GOAL OF THE EXERCISE | Take the material below and output exactly the run of lines from the one containing "PetSafe Cat Litter" down to the one containing "Glass Canisters With", with both included.

INPUT |
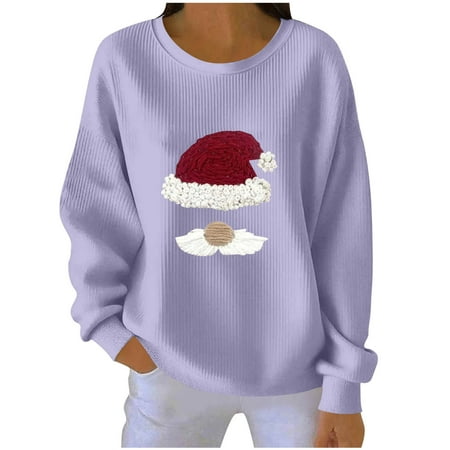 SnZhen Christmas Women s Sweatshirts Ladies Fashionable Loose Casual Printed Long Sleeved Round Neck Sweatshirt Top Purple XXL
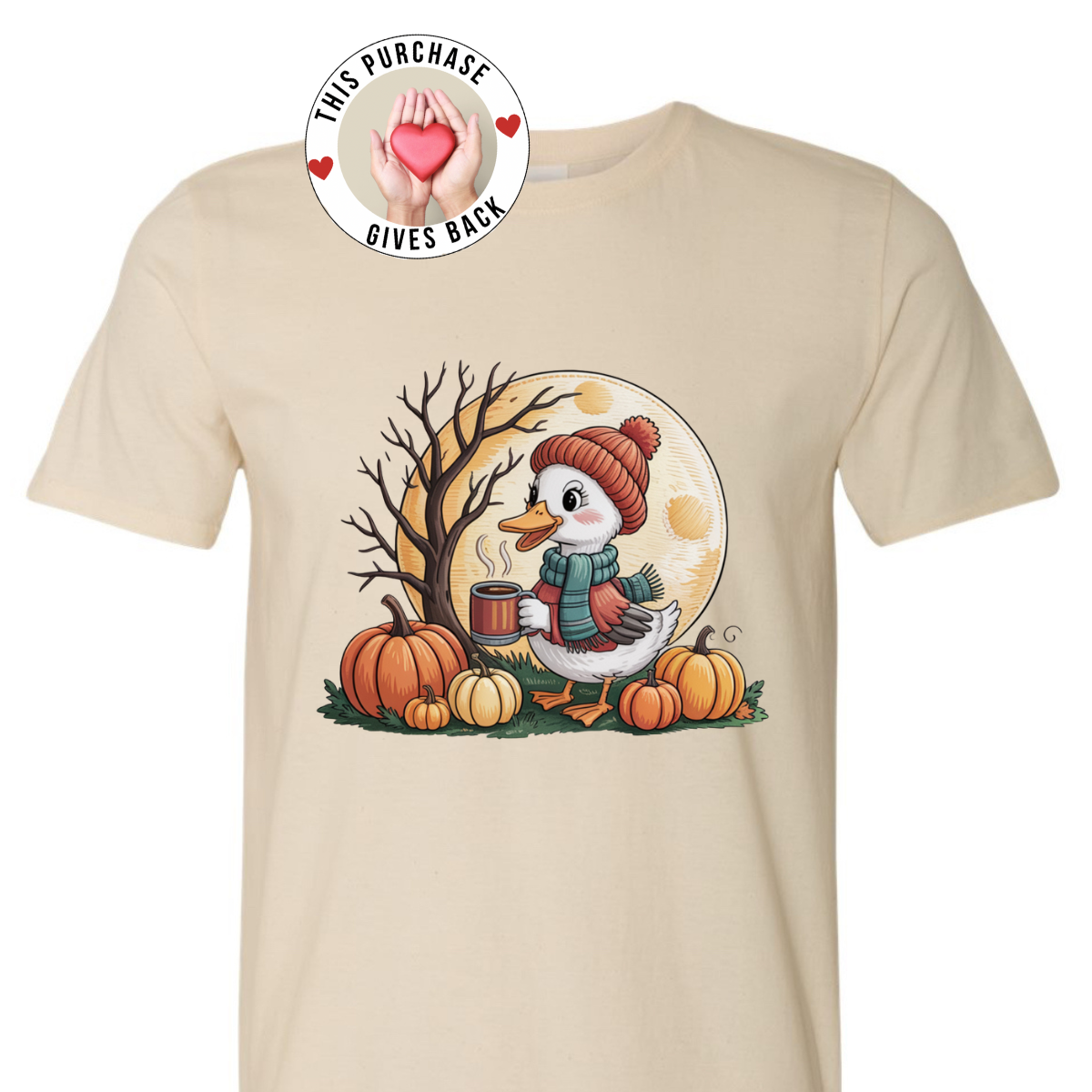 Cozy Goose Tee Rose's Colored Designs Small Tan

--

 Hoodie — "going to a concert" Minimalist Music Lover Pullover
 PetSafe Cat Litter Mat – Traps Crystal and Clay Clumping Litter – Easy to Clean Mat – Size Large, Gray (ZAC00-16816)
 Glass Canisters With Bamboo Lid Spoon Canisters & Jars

SOLUTION BELOW |
 PetSafe Cat Litter Mat – Traps Crystal and Clay Clumping Litter – Easy to Clean Mat – Size Large, Gray (ZAC00-16816)
 Glass Canisters With Bamboo Lid Spoon Canisters & Jars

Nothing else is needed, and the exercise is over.